From https://www.science.org/doi/10.1126/sciadv.adi0329.

(The implied reversal from the forensic order of things is interesting. Specifically, ridge orientation, which yields a bunch of rich data, is considered more authoritative than mere minutiae points, which are just teeny little dots that don’t look like a fingerprint. Forensic examiners consider the minutiae more authoritative than the ridge detail.)

Based upon the initial findings, Guo et al delved deeper. (Sorry, couldn’t help myself.) Specifically, they interrogated the feature maps.

We observe a trend in the filter visualizations going from the beginning to the end of the network: filters in earlier layers exhibit simpler ridge/minutia patterns, the middle layers show more complex multidirectional patterns, and filters in the last layer display high-level patterns that look much like fingerprints—this increasing complexity is expected of deep neural networks that process images. Furthermore, the ridge patterns in the filter visualizations are all generally the same shade of gray, meaning that we can rule out image brightness as a source of similarity. Overall, each of these visualizations resembles recognizable parts of fingerprint patterns (rather than random noise or background patterns), bolstering our confidence that the similarity learned by our deep models is due to genuine fingerprint patterns, and not spurious similarities.

From https://www.science.org/doi/10.1126/sciadv.adi0329.

So what’s the conclusion?

(W)e show above 99.99% confidence that fingerprints from different fingers of the same person share very strong similarities. 

From https://www.science.org/doi/10.1126/sciadv.adi0329.

And what are Guo et al’s derived ramifications? I’ll skip to the most eye-opening one, related to digital authentication.
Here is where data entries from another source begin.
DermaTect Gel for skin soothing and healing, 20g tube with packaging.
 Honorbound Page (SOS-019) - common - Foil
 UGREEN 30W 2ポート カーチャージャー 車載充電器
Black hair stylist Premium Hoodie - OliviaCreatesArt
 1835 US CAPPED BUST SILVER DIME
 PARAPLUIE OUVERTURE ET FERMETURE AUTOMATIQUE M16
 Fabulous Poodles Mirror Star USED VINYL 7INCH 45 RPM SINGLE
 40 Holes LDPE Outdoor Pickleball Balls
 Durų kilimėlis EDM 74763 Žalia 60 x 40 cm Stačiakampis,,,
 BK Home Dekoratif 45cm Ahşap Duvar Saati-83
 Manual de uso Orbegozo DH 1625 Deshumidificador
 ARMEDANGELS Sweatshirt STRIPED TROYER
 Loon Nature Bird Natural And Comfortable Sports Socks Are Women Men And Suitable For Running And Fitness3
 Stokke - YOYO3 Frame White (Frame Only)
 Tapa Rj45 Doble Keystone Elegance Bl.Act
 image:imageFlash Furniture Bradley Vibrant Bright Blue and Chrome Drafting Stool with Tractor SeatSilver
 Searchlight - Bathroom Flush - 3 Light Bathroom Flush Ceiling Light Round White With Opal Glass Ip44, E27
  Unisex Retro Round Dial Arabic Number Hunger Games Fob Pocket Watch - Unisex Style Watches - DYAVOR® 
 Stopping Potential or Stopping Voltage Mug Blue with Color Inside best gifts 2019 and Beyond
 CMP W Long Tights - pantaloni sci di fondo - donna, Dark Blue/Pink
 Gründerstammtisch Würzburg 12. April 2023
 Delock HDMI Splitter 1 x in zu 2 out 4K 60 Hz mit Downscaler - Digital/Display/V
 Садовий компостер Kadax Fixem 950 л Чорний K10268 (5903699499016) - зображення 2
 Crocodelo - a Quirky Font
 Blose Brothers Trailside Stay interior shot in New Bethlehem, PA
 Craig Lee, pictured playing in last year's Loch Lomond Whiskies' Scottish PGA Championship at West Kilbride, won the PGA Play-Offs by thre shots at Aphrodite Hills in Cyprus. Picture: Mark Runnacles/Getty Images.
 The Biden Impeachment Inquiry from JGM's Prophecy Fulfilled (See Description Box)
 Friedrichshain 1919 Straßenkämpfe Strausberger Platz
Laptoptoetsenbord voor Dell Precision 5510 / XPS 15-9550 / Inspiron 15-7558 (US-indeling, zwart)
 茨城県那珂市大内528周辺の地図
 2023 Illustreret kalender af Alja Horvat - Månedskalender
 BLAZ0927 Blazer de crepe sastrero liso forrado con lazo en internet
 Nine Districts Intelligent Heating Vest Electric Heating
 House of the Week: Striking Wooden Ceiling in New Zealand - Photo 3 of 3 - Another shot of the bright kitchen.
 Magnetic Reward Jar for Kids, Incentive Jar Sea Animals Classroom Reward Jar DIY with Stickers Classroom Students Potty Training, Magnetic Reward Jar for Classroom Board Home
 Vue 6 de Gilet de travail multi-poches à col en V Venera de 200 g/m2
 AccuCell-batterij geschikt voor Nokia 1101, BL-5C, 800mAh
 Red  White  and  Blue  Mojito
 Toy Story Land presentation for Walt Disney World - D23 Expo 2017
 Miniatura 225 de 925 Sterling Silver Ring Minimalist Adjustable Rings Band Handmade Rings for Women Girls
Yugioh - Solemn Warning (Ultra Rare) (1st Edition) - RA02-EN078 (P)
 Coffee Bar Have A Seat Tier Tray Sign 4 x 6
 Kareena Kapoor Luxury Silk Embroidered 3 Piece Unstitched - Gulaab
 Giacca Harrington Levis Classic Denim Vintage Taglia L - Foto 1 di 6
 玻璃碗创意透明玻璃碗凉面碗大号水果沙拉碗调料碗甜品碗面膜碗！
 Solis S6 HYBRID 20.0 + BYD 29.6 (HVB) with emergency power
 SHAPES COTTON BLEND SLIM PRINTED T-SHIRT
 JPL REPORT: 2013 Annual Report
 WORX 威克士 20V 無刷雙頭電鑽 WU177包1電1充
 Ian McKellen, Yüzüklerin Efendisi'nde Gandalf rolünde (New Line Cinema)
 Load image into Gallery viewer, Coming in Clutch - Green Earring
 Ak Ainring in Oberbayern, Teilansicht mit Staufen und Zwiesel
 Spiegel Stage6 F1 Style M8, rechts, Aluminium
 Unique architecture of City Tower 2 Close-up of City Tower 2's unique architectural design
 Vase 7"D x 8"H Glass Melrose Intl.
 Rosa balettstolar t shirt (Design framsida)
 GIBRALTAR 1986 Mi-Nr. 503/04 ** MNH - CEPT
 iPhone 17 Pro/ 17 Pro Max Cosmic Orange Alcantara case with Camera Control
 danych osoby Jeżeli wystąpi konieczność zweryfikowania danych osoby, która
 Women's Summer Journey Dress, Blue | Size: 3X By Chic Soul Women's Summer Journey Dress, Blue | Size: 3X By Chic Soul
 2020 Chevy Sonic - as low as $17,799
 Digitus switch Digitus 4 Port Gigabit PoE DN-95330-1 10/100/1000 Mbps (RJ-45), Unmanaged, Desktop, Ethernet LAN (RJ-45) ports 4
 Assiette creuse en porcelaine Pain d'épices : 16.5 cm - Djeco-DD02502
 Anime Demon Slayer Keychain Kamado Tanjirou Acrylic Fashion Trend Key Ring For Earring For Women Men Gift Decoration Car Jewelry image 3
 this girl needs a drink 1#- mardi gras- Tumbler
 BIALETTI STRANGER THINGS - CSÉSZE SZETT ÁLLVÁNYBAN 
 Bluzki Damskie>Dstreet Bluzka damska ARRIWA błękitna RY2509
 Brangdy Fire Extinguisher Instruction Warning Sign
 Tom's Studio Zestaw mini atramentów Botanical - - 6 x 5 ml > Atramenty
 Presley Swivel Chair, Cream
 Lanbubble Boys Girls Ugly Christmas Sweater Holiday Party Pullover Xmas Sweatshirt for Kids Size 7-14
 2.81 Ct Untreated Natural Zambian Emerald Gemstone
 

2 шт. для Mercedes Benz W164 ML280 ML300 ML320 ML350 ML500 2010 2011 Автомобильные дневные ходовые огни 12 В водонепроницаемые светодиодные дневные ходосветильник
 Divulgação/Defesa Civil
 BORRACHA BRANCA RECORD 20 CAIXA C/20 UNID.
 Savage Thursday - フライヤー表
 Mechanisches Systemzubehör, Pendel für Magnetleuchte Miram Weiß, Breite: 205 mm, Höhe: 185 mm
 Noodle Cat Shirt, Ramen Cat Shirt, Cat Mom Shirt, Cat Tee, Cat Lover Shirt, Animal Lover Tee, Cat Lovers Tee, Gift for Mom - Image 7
In addition, our work can be useful in digital authentication scenarios. Using our fingerprint processing pipeline, a person can enroll into their device’s fingerprint scanner with one finger (e.g., left index) and unlock it with any other finger (e.g., right pinky). This increases convenience, and it is also useful in scenarios where the original finger a person enrolled with becomes temporarily or permanently unreadable (e.g., occluded by bandages or dirt, ridge patterns have been rubbed off due to traumatic event), as they can still access their device with their other fingers.

From https://www.science.org/doi/10.1126/sciadv.adi0329.

However, the researchers caution that (as any good researcher would say when angling for funds) more research is needed. Their biggest concern was the small sample size they used in their experiments (60,000 prints), coupled with the fact that the prints were full and not partial fingerprints.

What is unanswered?

So let’s assume that the study shows a strong similarity between the ridges of fingerprints from the same person. Is this enough to show:

  • that the prints from two fingers on the same person ARE THE SAME, and
  • that the prints from two fingers on the same person are more alike than a print from ANY OTHER PERSON?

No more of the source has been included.